Don't worry about bleeding the brakes at all right now. We will do that once the shoes are in place and the drum is back on.

Step 14 - Grease and Lube

Lube the backing plate "buttons" with a small dab of caliper lube. Dab grease at the anchors and ears of the wheel cylinders. This step is important in order to prevent noise and binding.

Step 15 - Put it all back together.

Carefully take the brake frame and install it back onto the backing plate. Start by installing the parking brake cable 1st. Now is a good time for your friend to give you a hand again.

Hey, did you see that? Yup, this is where I really saw the mistake of my ways.

Much better, this is gonna work well....

Step 16 - Bleeding

Ok, once the shoes are in place. Go back and open up the master cylinder cap. On the back side of the wheel cylinder, open the bleeder screw.
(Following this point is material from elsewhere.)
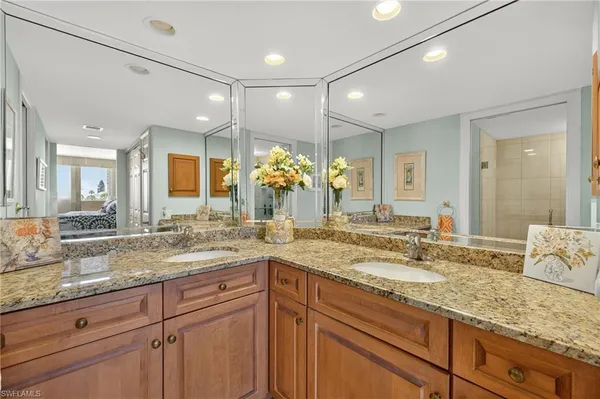 $9,000 | 4001 Gulf Shore Boulevard North, Unit 303, Naples, FL 34103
Brake fluid should start to dribble out in a a short time, this may take up to one minute.

Allow the fluid to dribble out for a few seconds, again, for about a total time of two minuets. Keep an eye on the fluid level and refill it if it starts to drop below or to the low mark. Fill it slowly.
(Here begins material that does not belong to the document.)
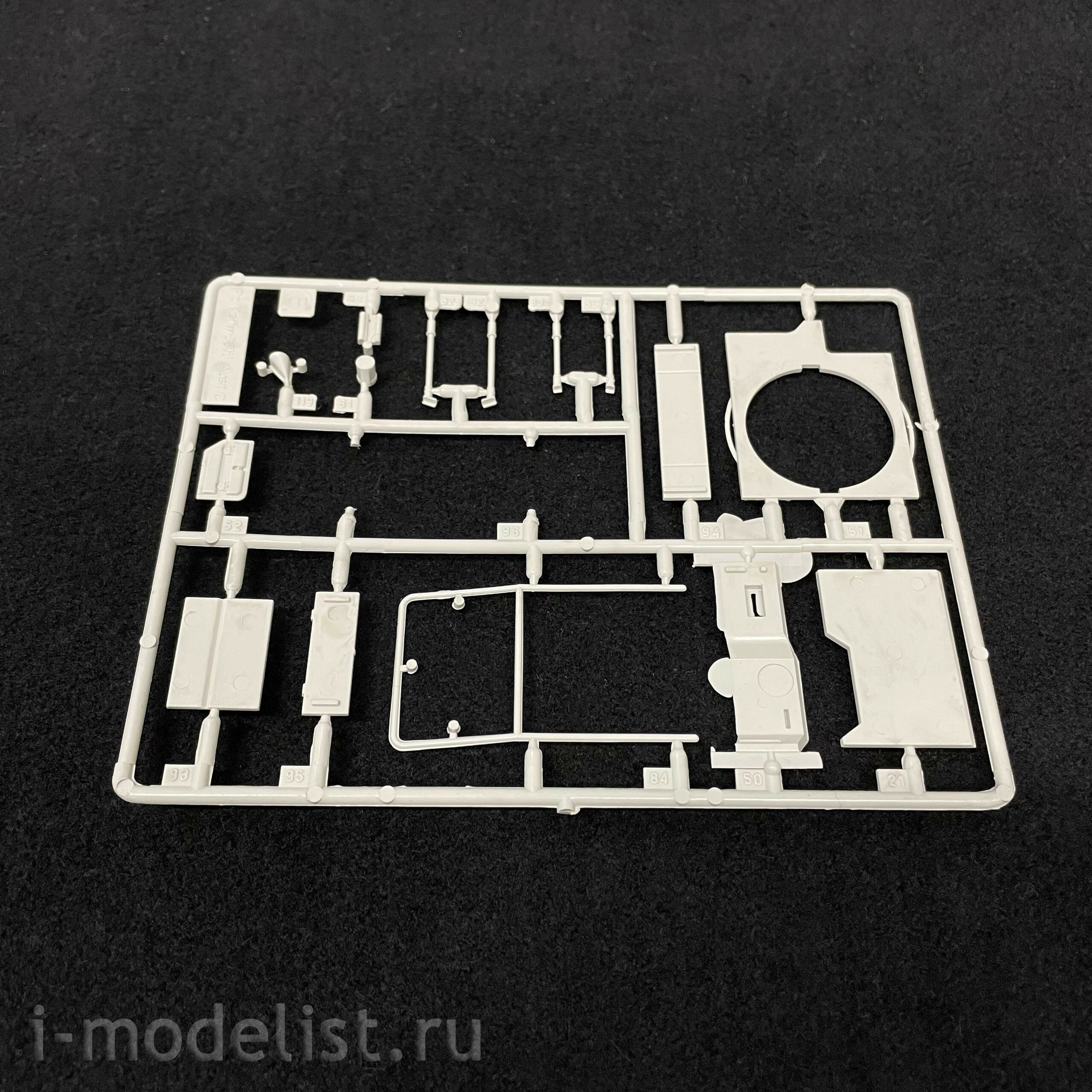 3542 Maket 1/35 Light tank Pz.Kpfw 38 (t) Ausf A-D (Prague)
Close the bleeder screw snug it down. Do not tighten it too much or it WILL strip and snap off!

Step 17 - Finish the other side.

At this point, do the same steps as above for the opposite side of the brake system.
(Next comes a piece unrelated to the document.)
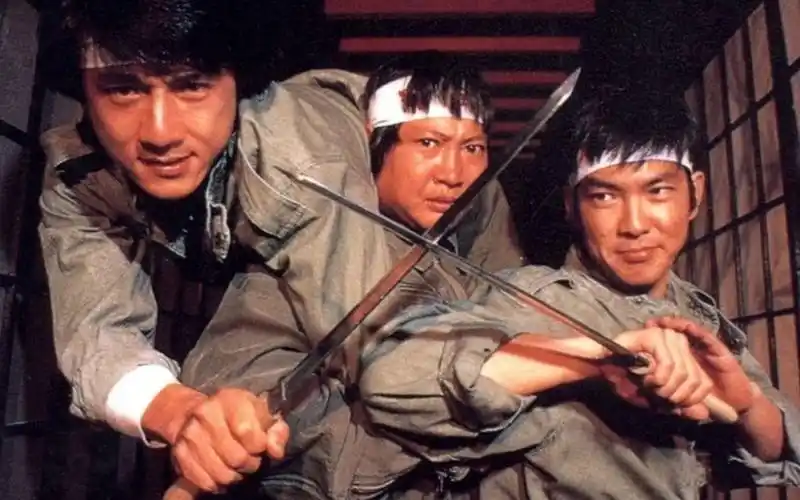 嘉禾有三宝成龙元彪洪金宝还是以前的电影好看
Install the drums. Again, follow the procedure as found in the rear disk brake DIY for how to lubricate, tighten and adjust the wheel bearings.

Fill the master cylinder.

Step 18 - Final bleed.

With the drum in place, and the master cylinder full - its now time to do one final bleed and adjust the rear brakes and reset the parking brake.

To bleed the brakes, you'll need your friend again. Place a block of wood (like a 2x4) at the base of the floor, so its under the brake pedal. This is an important step.

Why a block of wood?

What can happen (and often does) is that a ridge of rust, debris and crap builds up at the "end" of the piston stroke inside the master cylinder. This is fine, until you press the pistons down past this "end" of the stroke. Normally the brake pedal does not go to the floor as you drive, but when you bleed the brakes, the pedal goes down to the floor, well past that "end" of the "normal" stroke. In the process the piston seals and cups in the master cylinder become danged. A week from now, the master cylinder fails.. The block of wood prevents your friend from stomping on the brake pedal and pushing it to the floor, and blowing out your master cylinder.

Ok, friend in place? Wood in place? Master cylinder full? Lets play a game, its called the "up and down game".

1 - Tell your friend to slowly press down on the brake pedal. The idea here is not to stomp on it. A slow press is key. Tell them to keep pressing once it gets firm. Tell them if they let up on the brake pedal before you tell them to, they loose the game. The loser buys lunch. Have them shout "down" while the press and hold.

2 - As they are pressing you open the bleed screw. Brake fluid will come out. Once the flow of fluid stops. Close the bleeder screw.

3 - Tell them to take their foot off the brake pedal.

4 - Go back to step 1 - do this 10x per rear wheel.

Don't forget the little rubber cap on the bleed screw, this keeps crud out of the wheel cylinder bleed screw!

While in my opinion its fine to just bleed the rear wheels, if you feel the need to do so, the proper sequence is as follows:

Right Rear, Left Rear, Right Front, Left Front.

Step 19 - Brake Adjustment.

Reinstall the rear wheels. Torque the lug nuts to 81 Ft/Lbs.

When your all done go see how the pedal feels. It should feel firm. Pull up HARD on the parking brake 4-5 times. With the parking brake "on" press hard on the brake pedal. Now let off both the parking brake and the foot brake. Next press the foot brake, and THEN pull the parking brake. This will center and adjust the brakes. Do this 3-4 times in a row.

Pull the parking brake up 4-5 notches, and adjust the cable (at the center console) so the wheel can no longer be turned by hand.

Release the parking brake, and make sure the wheels rotate freely.

Lower the car, go for a drive.

Enjoy your properly installed and well adjusted drum brakes.